The teacher, known by the royal commission as GKI, was a student at Marist Brothers, Maitland in the 1940s.

GKI was convicted in 1989 of sexually assaulting two boys, aged 10, at a Hunter Catholic school. But documents held by the Newcastle Herald, and others released by the royal commission on Monday, show parents raised the alarm about GKI on at least three occasions in the 1980s, including reports to the Catholic Education Office.

The documents include a report to the then Bishop Leo Clarke in 1990 by a church committee headed by the then Monsignor Philip Wilson, and tasked with reporting on the diocese’s handling of the teacher’s case.

The committee found serious gaps in the diocese’s child protection protocols, including a reluctance to include details of alleged sexual misconduct on a teacher’s personnel file.

“It would seem that if a teacher faced with allegations of sexual abuse resigns, there is nothing to guarantee that he/she will not be employed at some time in the future in a Catholic school in another diocese, or indeed in this diocese, given the reluctance to place information regarding the allegations in the personnel file,” Monsignor Wilson’s committee found.

It recommended that “personnel files contain all documents related to allegations, charges, convictions in relation to sexual abuse”.

The committee report noted that GKI had to be ordered by his probation officer to stay away from the church, the school and the children after he harassed children at Mass, followed the school bus and approached them in the street.

“Parishioners were extremely angry when they discovered that one of the teacher's former parish priests had testified on his behalf at the court case in which the teacher had pleaded guilty,” Bishop Clarke was told.

“It would seem that there has been no attempt by the parish, school or Catholic Education Office to ascertain whether the victims have suffered financial hardship because of the events which have occurred since the time of the abuse.”

A note at the bottom of the report warned Bishop Clarke that parents had the right to sue the Catholic Education Office and the diocese for “failing to adequately protect their children”.

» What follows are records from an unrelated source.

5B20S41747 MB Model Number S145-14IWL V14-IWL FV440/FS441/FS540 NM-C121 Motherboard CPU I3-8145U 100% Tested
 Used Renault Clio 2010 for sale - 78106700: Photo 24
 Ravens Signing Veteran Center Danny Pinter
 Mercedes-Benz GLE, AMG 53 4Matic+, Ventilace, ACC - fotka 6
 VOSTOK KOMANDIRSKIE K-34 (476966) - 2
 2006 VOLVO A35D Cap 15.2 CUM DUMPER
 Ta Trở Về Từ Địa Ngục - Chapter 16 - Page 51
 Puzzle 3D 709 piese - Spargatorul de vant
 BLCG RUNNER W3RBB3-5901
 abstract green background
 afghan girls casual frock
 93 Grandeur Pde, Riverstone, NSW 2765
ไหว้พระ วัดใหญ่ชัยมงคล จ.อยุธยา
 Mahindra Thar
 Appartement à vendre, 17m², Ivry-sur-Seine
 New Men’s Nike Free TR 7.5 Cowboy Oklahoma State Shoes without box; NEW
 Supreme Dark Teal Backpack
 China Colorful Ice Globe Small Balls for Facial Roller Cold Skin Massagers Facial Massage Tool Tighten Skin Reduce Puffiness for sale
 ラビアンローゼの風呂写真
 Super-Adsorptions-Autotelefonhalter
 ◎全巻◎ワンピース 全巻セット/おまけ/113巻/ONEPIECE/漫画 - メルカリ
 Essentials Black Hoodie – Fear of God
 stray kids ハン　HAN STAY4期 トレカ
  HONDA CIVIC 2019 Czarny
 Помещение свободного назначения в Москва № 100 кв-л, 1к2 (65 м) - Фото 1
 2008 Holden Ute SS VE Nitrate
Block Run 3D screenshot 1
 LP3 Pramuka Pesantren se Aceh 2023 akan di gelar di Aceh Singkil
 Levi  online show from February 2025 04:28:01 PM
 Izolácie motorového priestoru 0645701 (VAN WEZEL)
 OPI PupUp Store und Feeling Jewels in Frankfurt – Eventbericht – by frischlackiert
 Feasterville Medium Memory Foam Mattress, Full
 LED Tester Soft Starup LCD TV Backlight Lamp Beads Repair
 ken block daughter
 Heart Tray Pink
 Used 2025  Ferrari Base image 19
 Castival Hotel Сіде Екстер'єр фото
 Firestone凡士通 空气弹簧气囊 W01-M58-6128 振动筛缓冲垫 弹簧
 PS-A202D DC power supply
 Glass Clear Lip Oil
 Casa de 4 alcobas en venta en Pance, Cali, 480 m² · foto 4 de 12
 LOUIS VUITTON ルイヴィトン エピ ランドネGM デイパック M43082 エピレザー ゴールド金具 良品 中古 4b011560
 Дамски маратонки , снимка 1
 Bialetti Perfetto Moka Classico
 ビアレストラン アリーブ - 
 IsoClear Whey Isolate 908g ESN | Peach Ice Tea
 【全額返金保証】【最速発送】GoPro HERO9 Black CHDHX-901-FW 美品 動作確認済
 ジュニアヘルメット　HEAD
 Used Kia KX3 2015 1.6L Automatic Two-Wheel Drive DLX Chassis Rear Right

“Our legal consultant suggests that the parents in this case would have a pretty good case if they chose to act,” the note said.

But when one of the 10-year-old boys whose complaints led to GKI’s conviction for child sex offences in 1989 tried to sue the diocese for compensation in 2005, his case was “fiercely resisted”, his barrister Andrew Morrison, SC, said in a report on the case in 2009.

Mr Morrison on Monday said he was “not at all surprised” to learn the diocese knew GKI’s victims had a “pretty good case” to sue the church, based on its knowledge it had employed a child sex offender to put in charge of young children.

“The Catholic Church doesn’t appear overall to have learnt the lessons from what has occurred and been revealed, although there are significant changes in some areas and it is not the only institution to have been found wanting,” Mr Morrison said.

“It’s got a long, long way to go. There are still some very ugly attitudes among some decision-makers.”